Monday, November 23, 2009

Blog #19

Some people dance, some people sing, some people read or write or garden or play sports. But, the most relaxing thing to me is to sit down with a piece of paper and a pencil and draw. It doesn’t cost a lot of money and anyone can do it (although not everyone does it well) and in an instant you transform into the world in which you are drawing. One of my favorites of the many pieces I have made is a picture of a rose with a few petals wilted of the stem which at the point of its creation, was very significant to me, symbolizing the amount of heart break that has transpired amongst I and her. As written in my previous essays, once something is done in me, its virtually impossible to undo it, hence the wilted rose petals. This picture till today, sits on the dresser in my bedroom collecting dust as if it was created to be a dust buster. With every waking day, I look at the picture and imagine, what if??. I call her my friend because at this moment as I am writing this she is my friend, although that status changes as frequently as the weather. A few months ago, when I drew that picture for her, she was more than my friend. Although she was not my girlfriend I spoke to her everyday. She was the first person I spoke to in the morning and the last one at night and as much as I wanted to love her I knew I never could.

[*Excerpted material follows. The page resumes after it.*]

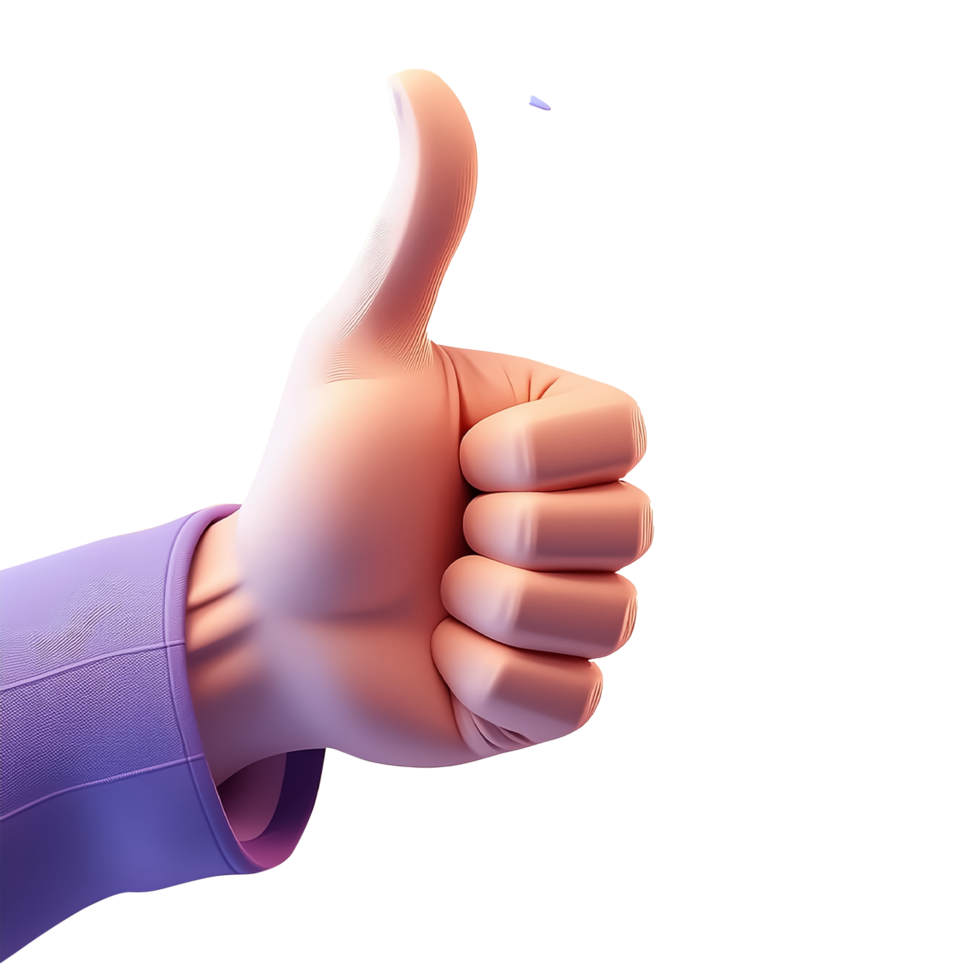 3d hand with thumb up on transparent background png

This story actually begins about 3 years ago when I started working at Lowe’s home improvement store. I worked there part time at night while I went to school and minded my own business. I did what needed to be done and I left. That all changed one night. It was late and the store was closed, I was cleaning my department when I heard someone talking and turned around to see one of my coworkers, Diane a fifty-something woman who worked front end, hugging a tall blonde with curves you would not believe.
I must have been staring for a few seconds because next thing I knew she was looking right at me with a big smile on her face. I wish I could have seen my face in that instant because I’m pretty sure I was wearing the quintessential dopey grin you hear about in all puppy love stories. Instantaneously, I imagined in my head the typical “she loves me, she loves me not” with a rose being the obvious choice of flower to be wilted. She walked out the door with Diane, who I learned was her mother, and took my heart with her. From that day on I was hooked. I went home that night with the intention of finishing a paper but I ended up staring at my ceiling for 2 hours. Though physically present in my room, I was on an imaginary cloud 9. We were walking through a park her hand was in mine, we were driving in my car and I couldn’t keep my eyes on the road, we were at the beach and my arm was around her waist, keep in mind, I didn’t know she had a boyfriend.

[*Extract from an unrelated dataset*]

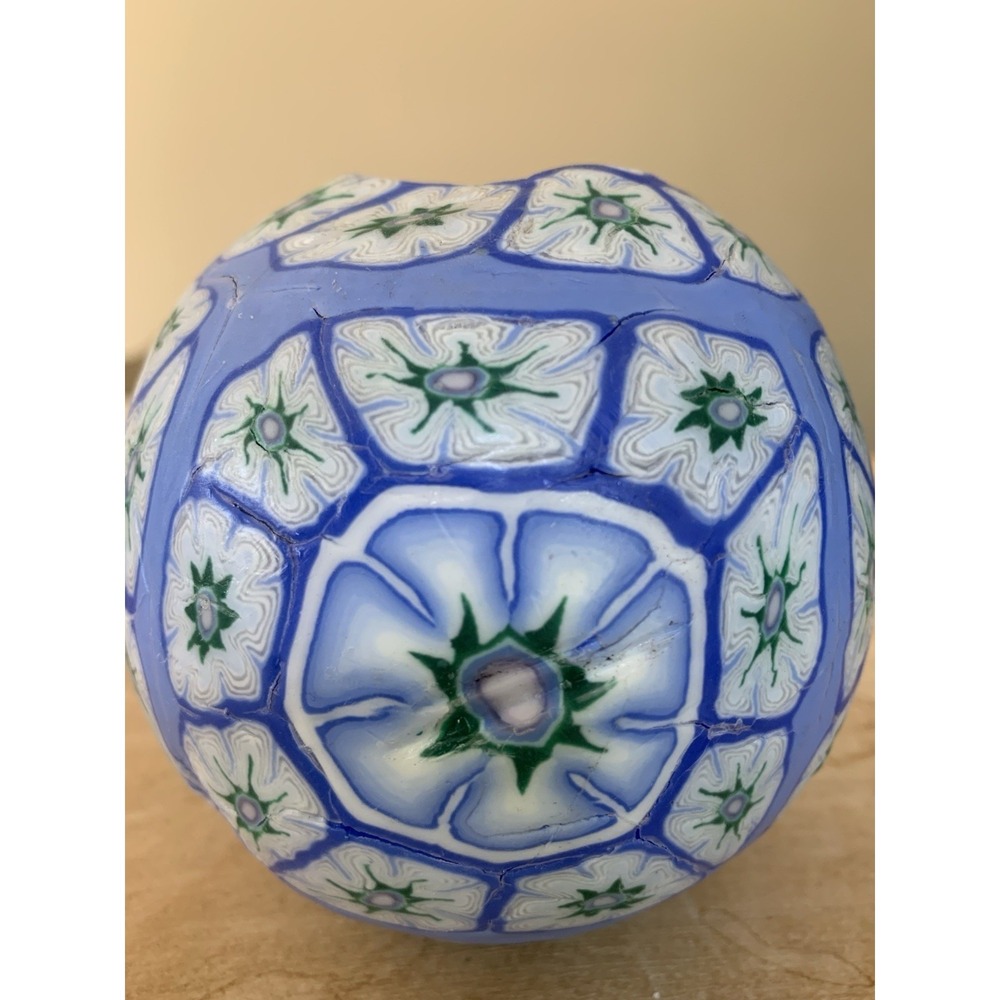 Millefiori Blue Floral Decorative Wax Ball Candle Single Wick Glow Vintage New - Picture 3 of 11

Every night that I worked I looked for her and every once in a while she would come in and wave and that would be enough for me. I had developed a sort of mother son relationship with her mom over the course of those few months. Her mom saw how I looked at her and she wasn’t a fool. She explained to me that her daughter, Colleen, was a senior in high school, very smart, funny, an extrovert, but terrible at flirting, and most importantly dating a real jerk. But I didn’t care, I was going to go for it and if she wasn’t interested at least I would know and wouldn’t be going crazy.
With the help of her mother I made the first move. She agreed to give my number to her daughter, but I decided to be somewhat romantic, and hopefully better my chances so i attached it to a 16inch red rose, which is the symbolic flower for love for I thought I was in what I thought to be love. She even promised me that she’d gauge her reaction and tell me what my chances were.

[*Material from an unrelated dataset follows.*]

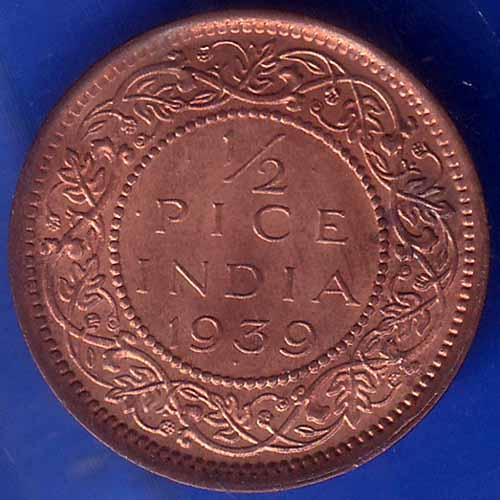 British India 1939 George Vi King Emperor Half Pice Coin ANH1091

All that night I waited for my phone to go off. I pictured what would happen when she called. Real nonchalantly after the third ring “Hello?” like I didn’t know who it was calling. Her response would be “Hello, I’m looking for DJ.” To which I would say, “Hey what’s up this is DJ, who is this?” so then she would think I gave my number to girls all the time. Always play it cool. By the end of the conversation she would be in love with me and we would live happily ever after.
It didn’t quite go that way, however, and when I woke up in the morning with my phone still lying next to my head with no missed called or new messages, I knew things were not going to be that easy. I didn’t work the following night and her mom had the next day off. When I finally got a chance to speak to her my nerves were on end. I learned that she had given her daughter the number as soon as she got in the car after work that night. Colleen, she told me, had smiled her adorable smile and “blushed redder than my Lowe’s vest” and had ripped the piece of paper from the rose with my number on it in and put in her pocket. That’s when the trouble started because her boyfriend, we’ll call him Ryan, was at her house and happened to see the piece of paper sticking out of her pocket when she walked in., signifying the first petal wilted from the rose. From what I understand after hearing the story, there was a lot of yelling by him and a lot of crying by her. I felt a range of emotion I’ve never experienced before. I felt guilty for causing her this problem, I felt disappointed because I knew she would never call now, I felt anger at her boyfriend for ruining everything, but most of all I still loved her. Despite, everything I did something I never do, I gave up. What else was there for me to do? I had tried and failed and was now out of options. But I never stopped thinking about her.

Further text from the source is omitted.